* _Exercise_
The output should contain the listing word for word and no pictures.

* _Data excerpt_
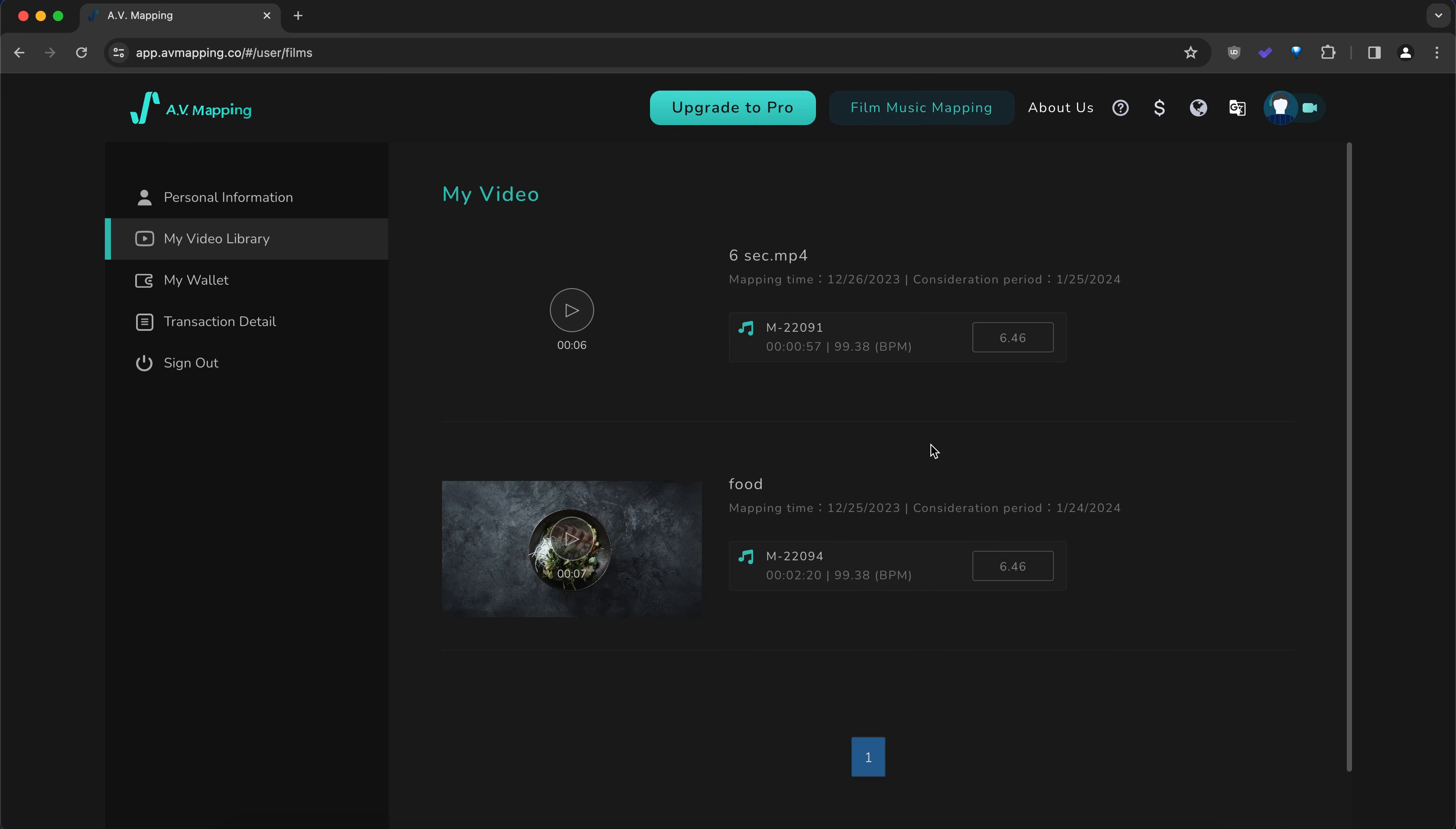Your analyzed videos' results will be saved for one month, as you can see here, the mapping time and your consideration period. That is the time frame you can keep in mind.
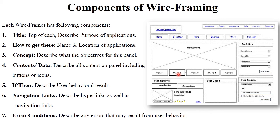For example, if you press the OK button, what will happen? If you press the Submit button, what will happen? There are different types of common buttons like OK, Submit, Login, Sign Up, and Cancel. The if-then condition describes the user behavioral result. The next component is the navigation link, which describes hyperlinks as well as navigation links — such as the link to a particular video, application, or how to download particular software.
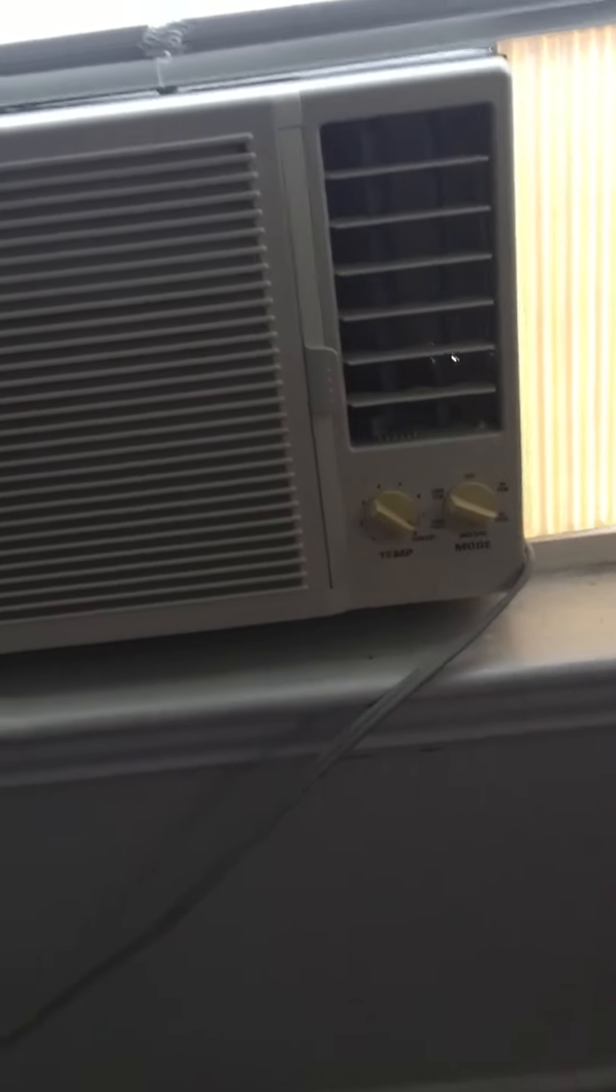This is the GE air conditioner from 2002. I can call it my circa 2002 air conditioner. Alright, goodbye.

* _Result of the task_
Your analyzed videos' results will be saved for one month, as you can see here, the mapping time and your consideration period. That is the time frame you can keep in mind.
For example, if you press the OK button, what will happen? If you press the Submit button, what will happen? There are different types of common buttons like OK, Submit, Login, Sign Up, and Cancel. The if-then condition describes the user behavioral result. The next component is the navigation link, which describes hyperlinks as well as navigation links — such as the link to a particular video, application, or how to download particular software.
This is the GE air conditioner from 2002. I can call it my circa 2002 air conditioner. Alright, goodbye.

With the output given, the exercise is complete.